━━━ MATERIAL PROVIDED

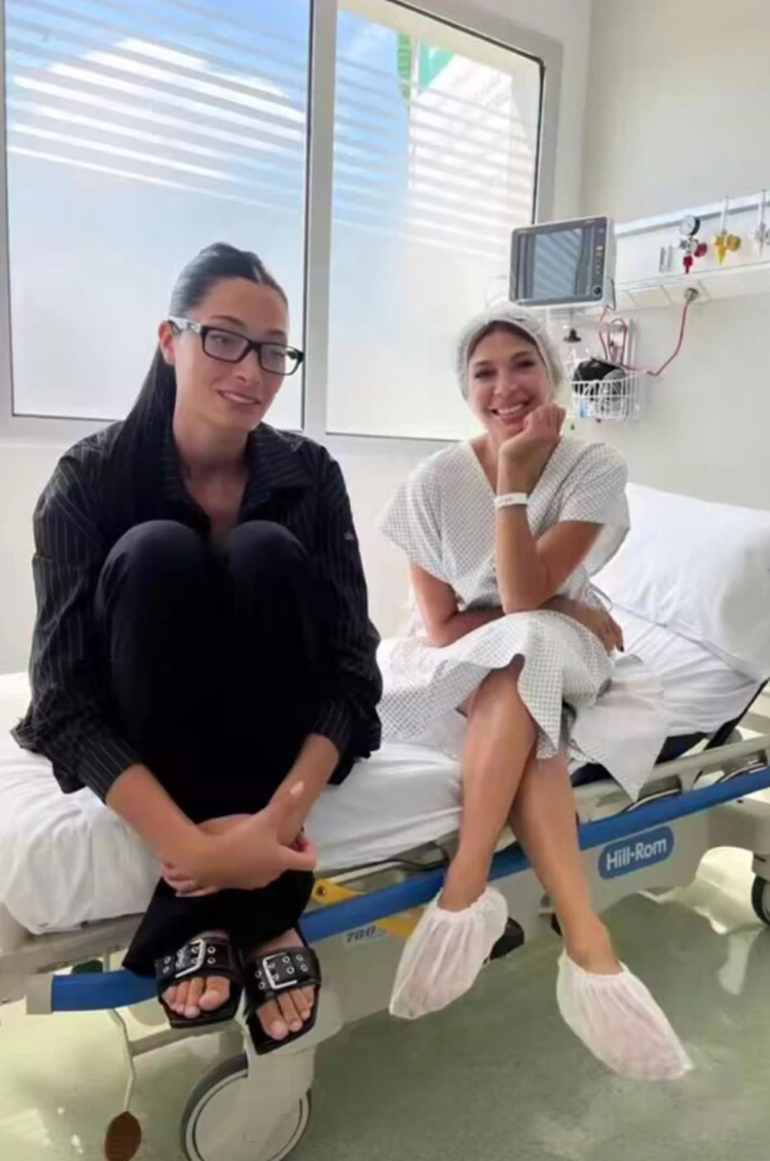 Imagenes que compartió Cathy Fulop con su hija menor, Tiziana Sabatini, durante su proceso quirúrgico. Imagenes que compartió Cathy Fulop con su hija menor, Tiziana Sabatini, durante su proceso quirúrgico.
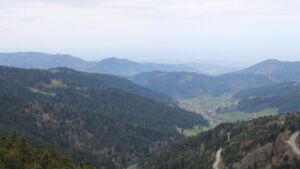 Dieses Bild zeigt eine Webcam-Aufnahme vom Achertal, aufgenommen am Mittwoch, den 15.04.2026 um 12:30 Uhr. Die Temperatur betrug 8.2°C.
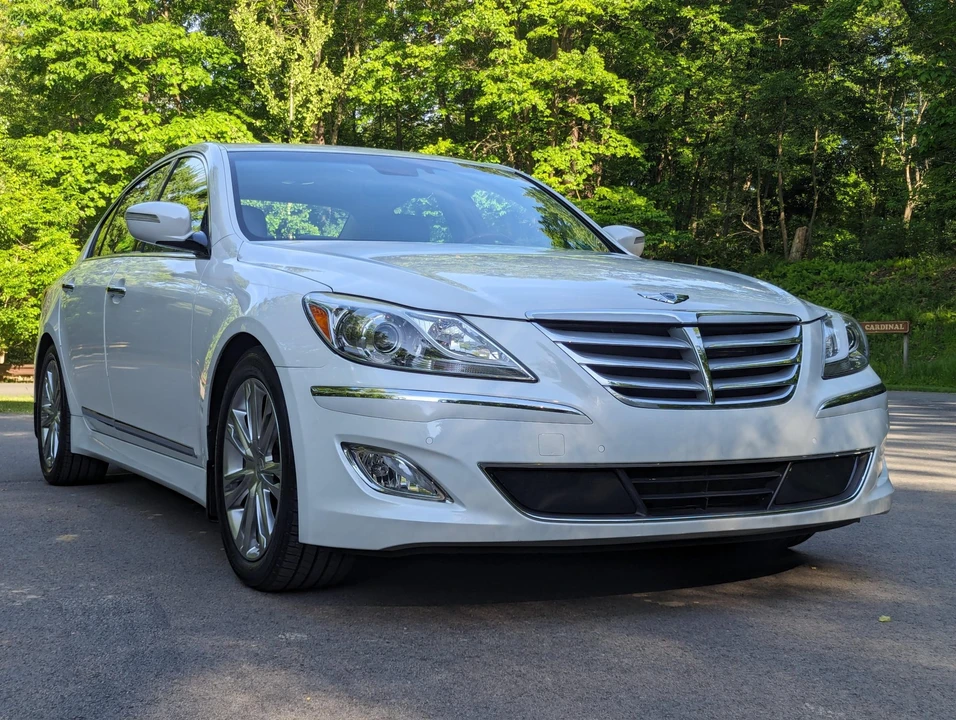 2012 Hyundai Genesis - Image 18 of 31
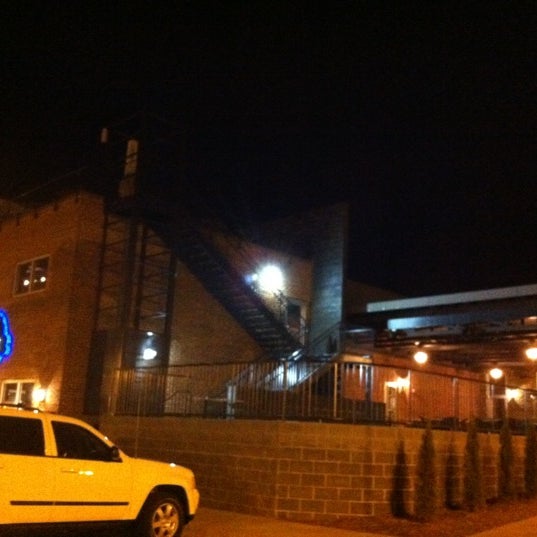 Das Foto wurde bei District Roof Top Bar and Grille von Latrice F. am 1/19/2012 aufgenommen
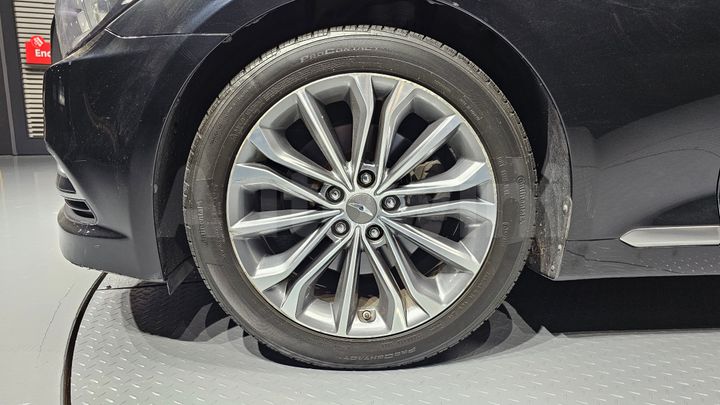 Hyundai Genesis 2016 — 5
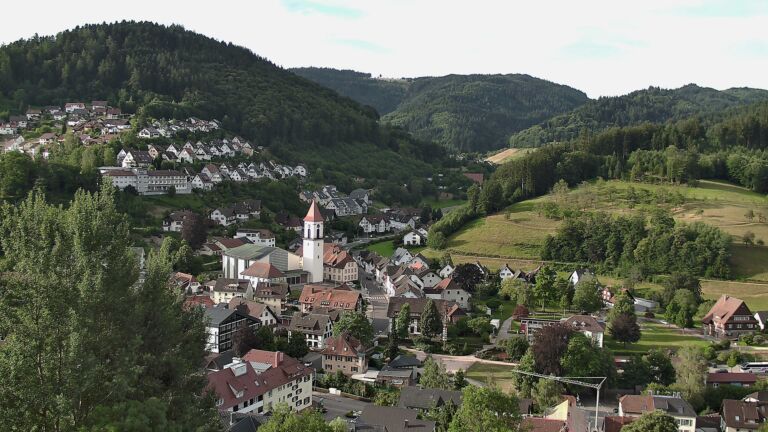 Dieses Bild zeigt eine Webcam-Aufnahme von Ottenhöfen, aufgenommen am Dienstag, den 07.07.2026 um 07:30 Uhr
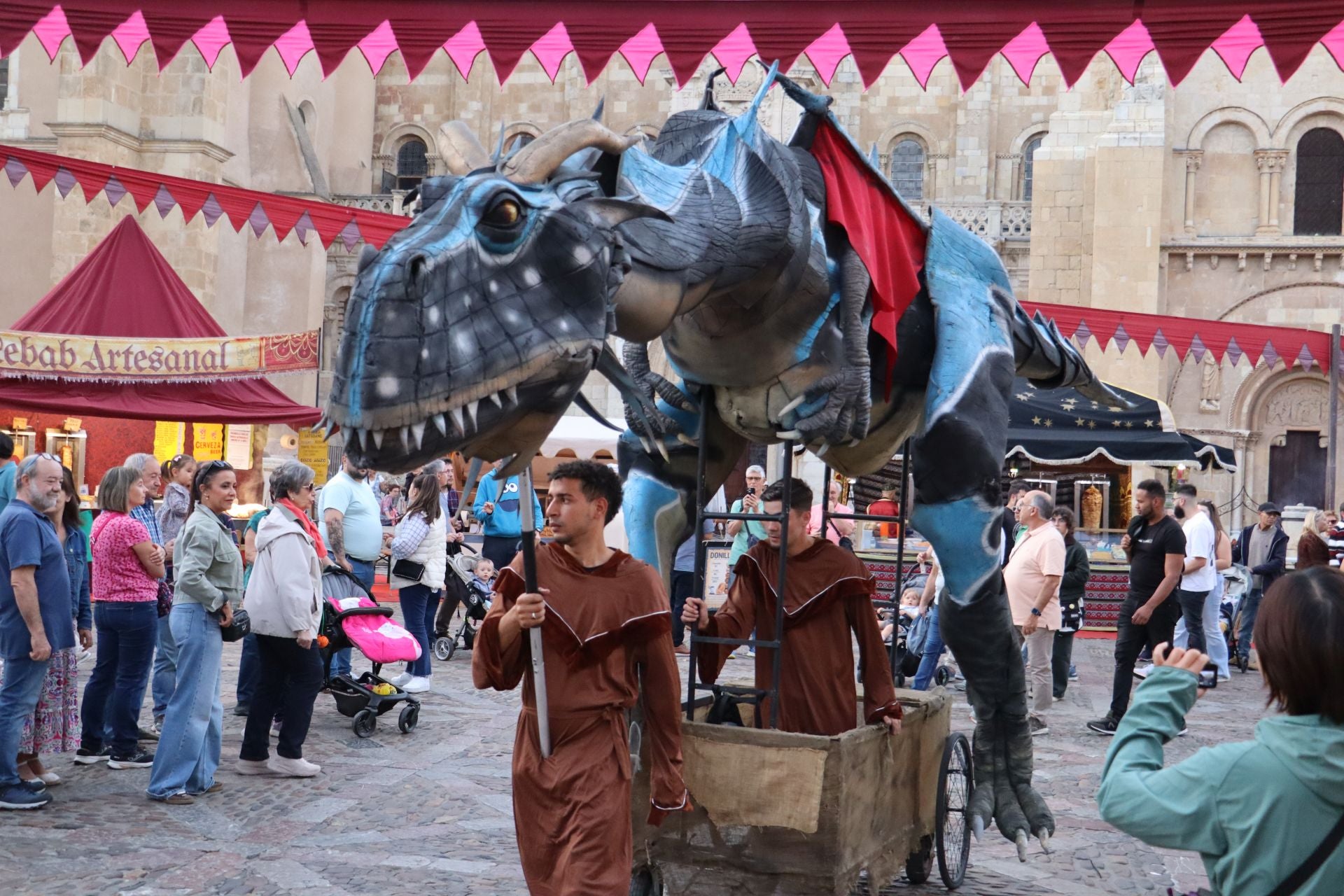 Las imágenes de un mercado que sigue dando vida a las fiestas de San Froilán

━━━━━━

**WHAT THE TASK REQUIRES**
Give the records again exactly, minus the pictures.

**RESULT OF THE EXERCISE**
 Imagenes que compartió Cathy Fulop con su hija menor, Tiziana Sabatini, durante su proceso quirúrgico. Imagenes que compartió Cathy Fulop con su hija menor, Tiziana Sabatini, durante su proceso quirúrgico.
 Dieses Bild zeigt eine Webcam-Aufnahme vom Achertal, aufgenommen am Mittwoch, den 15.04.2026 um 12:30 Uhr. Die Temperatur betrug 8.2°C.
 2012 Hyundai Genesis - Image 18 of 31
 Das Foto wurde bei District Roof Top Bar and Grille von Latrice F. am 1/19/2012 aufgenommen
 Hyundai Genesis 2016 — 5
 Dieses Bild zeigt eine Webcam-Aufnahme von Ottenhöfen, aufgenommen am Dienstag, den 07.07.2026 um 07:30 Uhr
 Las imágenes de un mercado que sigue dando vida a las fiestas de San Froilán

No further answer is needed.